The Peculiar Case of Extensional Tectonics on Venus: Modes of RIfting and Activity

Venus’ geological history holds critical insights into why Venus and Earth, despite their similarities, have followed such divergent evolutionary paths. Recent discoveries have transformed the perception of Venus from a geologically inactive planet to a one characterized by active and diverse geological processes. Mantle convection, lithospheric delamination, and plume-lithosphere (have) create(d) a surface rich with tectonic and volcanic structures, despite the absence of plate tectonics today. Among the most striking tectonic features on Venus are the expansive extensional rift structures, or "chasmata", which can span up to 10,000 km in length and show both unique and familiar features relative to Earth’s extensional tectonics. Many of Venus' rifts exhibit intersecting branches, multiple troughs, and associations with coronae, which are often interpreted as small-scale mantle upwellings.

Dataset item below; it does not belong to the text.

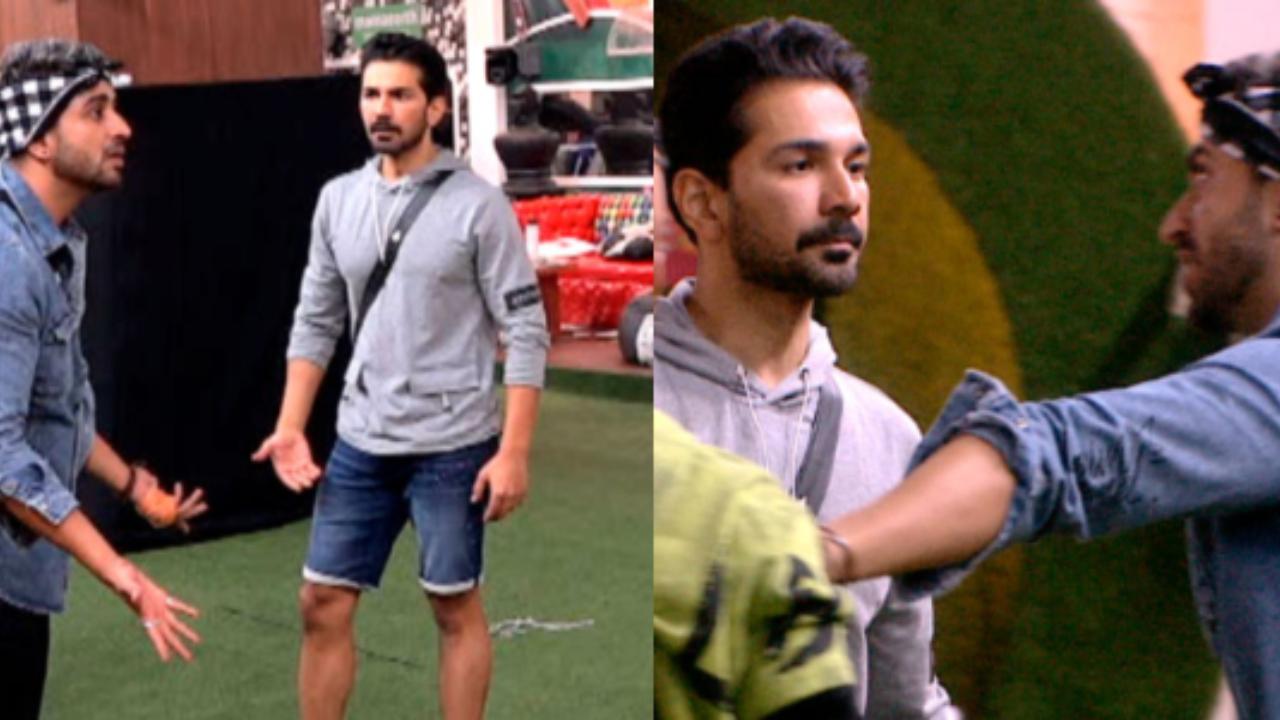 On Thursday, we saw something quite unexpected. Aly and Abhinav, who seemed to be thick friends, suddenly had a clash. Aly said that Rahul had always supported him and that he wanted to see him as the captain. Abhinav strongly disagreed and said that under no condition will he let Aly support Rahul. He also reminded Aly that he had supported him in the past, and this was no way to repay him for all his help. Rubina and Jasmin also entered the discussion and the cracks in Aly and Abhinav's friendship become apparent.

Here, we present the first 3D geodynamic models of rift tectonics on Venus. With models of uniformly, slowly extending lithosphere, we investigate the impact of crustal rheology (wet vs. dry diabase, i.e., weaker vs. stronger crust) and the thickness of the crust and lithosphere on rift geometry, topography, surface fracturing, and heat flow. We further explore interactions between evolving rift structures and thermal upwellings (plumes) and magmatic intrusions – considered key components of Venus’ geodynamic regime.

We find that rift morphology is highly sensitive to crustal rheology and lithospheric properties, with five modes of rift morphologies predicted: (1) narrow, (2) wide-valley, (3) wide-troughs, (4) multiple, and (5) branching; of which the latter three (see Figure) align most closely with Venus observations. We find that a dry diabase crust -- often assumed likely for Venus -- favors Venus-like rift patterns only when combined with a thin, warm lithosphere, leading to focused faulting and branching rift structures. In contrast, a weaker wet diabase crustal rheology results in broader, less pronounced deformation zones. Underplated thermal plumes induce lower-crustal intrusions and cause localized lithospheric weakening, narrowing the rift regionally.

Importantly, the results show that along-axis rift geometry variations, like multiple offsets and branching, can emerge even in symmetric, uni-axial extension settings. Moreover, the models indicate that if Venus' crust follows a dry diabase rheology, a significantly warm and thin lithosphere is required to reproduce observed rift characteristics. Through comparison to observations, we find that Venus rift morphologies are reproduced by various activity stages of model evolution, commonly under conditions of a thin lithosphere, which supports the possibility that Venus rifts are currently active.

This research was partially conducted at the Jet Propulsion Laboratory, California Institute of Technology, under contract (80NM0018D0004) with the National Aeronautics and Space Administration.